The National Highway Traffic Safety Administration has terminated its inquiry into Tesla’s remote parking functionality, dubbed “Actually Smart Summon.” Regulators concluded that collisions linked to the feature occurred infrequently, at minimal velocities, and without serious consequences. In a Friday update, NHTSA emphasized that shuttering the probe does not equate to a determination that no safety defect exists, reserving the right to resume the investigation if warranted.
Launched via an over-the-air software patch in September 2024, “Actually Smart Summon” enables Tesla owners to command their vehicles to navigate autonomously at slow speeds using a smartphone application. The system relies exclusively on the car’s camera array for environmental perception, a departure from the prior “Smart Summon” iteration that incorporated ultrasonic sensors—hardware absent from newer Tesla models.
NHTSA initiated the investigation in January 2025 following dozens of crash reports associated with the feature. Analysis revealed that out of millions of Summon activations, fewer than one percent culminated in an incident, typically involving superficial property damage such as impacts with gates, stationary vehicles, or bollards. The agency documented “no reported incidents involving a vulnerable road user, injury, fatality, or major property damage as indicated by an air bag deployment or vehicle tow away.”

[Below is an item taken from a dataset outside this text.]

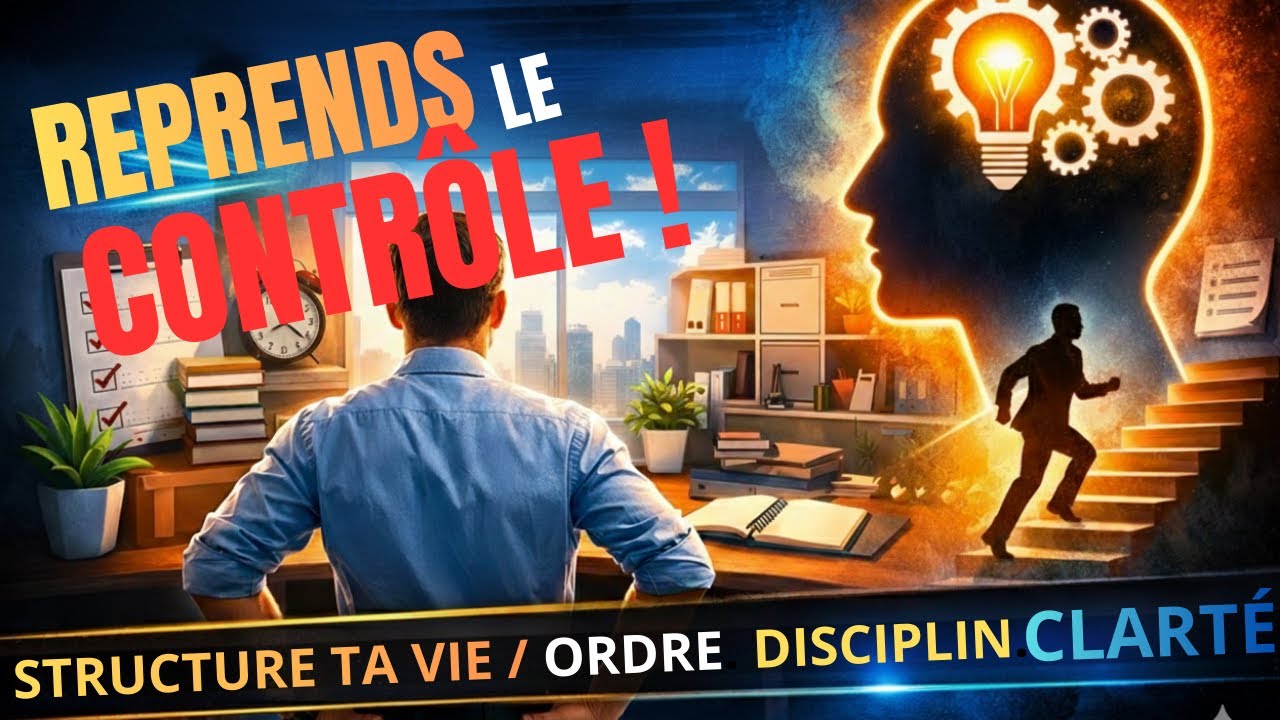 Faites l’effort volontaire de mettre de l’ordre dans votre vie | Motivation de Jim Rohn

Investigators attributed most mishaps to inadequate environmental detection, either by the user or the automated system, often stemming from restricted visibility within the app’s camera feed. In some cases, snow accumulation obscured the camera lenses, a condition the software failed to identify. Tesla has deployed multiple software updates to enhance camera obstruction detection and object recognition capabilities, according to NHTSA’s findings.

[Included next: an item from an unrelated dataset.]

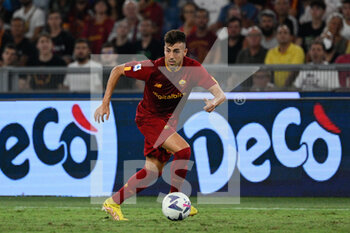 2022-08-30 - Stephan El Shaarawy (AS Roma) during the Italian Football Championship League A 2022/2023 match between AS Roma vs AC Monza at the Olimpic Stadium in Rome  on 30 August 2022. - AS ROMA VS AC MONZA - ITALIAN SERIE A - SOCCER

This closure underscores the regulatory challenges in assessing advanced driver-assistance systems, where low-frequency, low-severity events may not warrant continued scrutiny. However, NHTSA’s caveat about potential defects highlights ongoing vigilance as autonomous features evolve. For developers and infrastructure teams, the case illustrates the critical need for robust sensor redundancy and real-time environmental monitoring in software-defined vehicles.